The prediction of on-time graduation for students involves various measurement techniques, including criteria such as majors, class types, and semester grade achievements. These factors play a crucial role in determining whether students will complete their studies within the designated timeframe. In line with this, a model has been developed to forecast the probability of timely graduation. This model leverages the Random Forest and k-Nearest Neighbor (K-NN) algorithms as tools to classify students into appropriate groups. Optimization is carried out using the Particle Swarm Optimizer (PSO) algorithm to enhance prediction accuracy. The data used originates from alumni of various Universities in Palembang.This model utilizes multiple attributes, such as majors, university origins, class types, and semester grade records up to the fourth semester. Other attributes encompass the year of graduation and year of enrollment. Data management and processing are conducted using Rapidminer. Validation is performed by splitting the dataset into training and testing groups through the split validation method. Based on research and testing, the Random Forest algorithm achieves an accuracy of 95.79% with an Area Under Curve (AUC) of 0.991. After optimization with PSO, accuracy increases to 97.89% with an AUC of 0.993. Meanwhile, the k-NN algorithm achieves an accuracy of 93.49% with an AUC of 0.975; after optimization with PSO, accuracy rises to 96.74% with an AUC of 0.986.

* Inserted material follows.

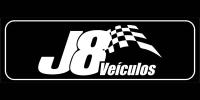 J8 Veículos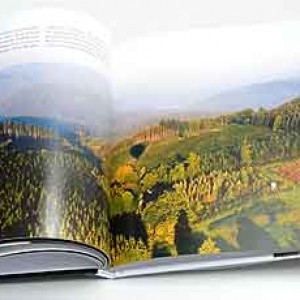 Entre Famenne et Ardenne Entre Famenne et Ardenne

及时毕业预测优先权:随机森林算法和PSO K-NN算法比较研究
学生准时毕业的预测涉及到各种测量技术,包括专业、班级类型、学期成绩等标准。这些因素在决定学生是否能在规定的时间内完成学业方面起着至关重要的作用。据此,建立了一个预测及时毕业概率的模型。该模型利用随机森林和k-最近邻(K-NN)算法作为工具,将学生分为适当的组。采用粒子群优化算法(PSO)进行优化,提高预测精度。所使用的数据来自巨港各大学的校友。该模型使用多个属性,如专业、大学出身、班级类型和学期成绩记录,直至第四学期。其他属性包括毕业年份和入学年份。使用Rapidminer进行数据管理和处理。通过分割验证方法将数据集分成训练组和测试组进行验证。经过研究和测试,随机森林算法的准确率为95.79%,曲线下面积(AUC)为0.991。经PSO优化后,准确率提高到97.89%,AUC为0.993。同时,k-NN算法的准确率为93.49%,AUC为0.975;经PSO优化后,准确率达到96.74%,AUC为0.986.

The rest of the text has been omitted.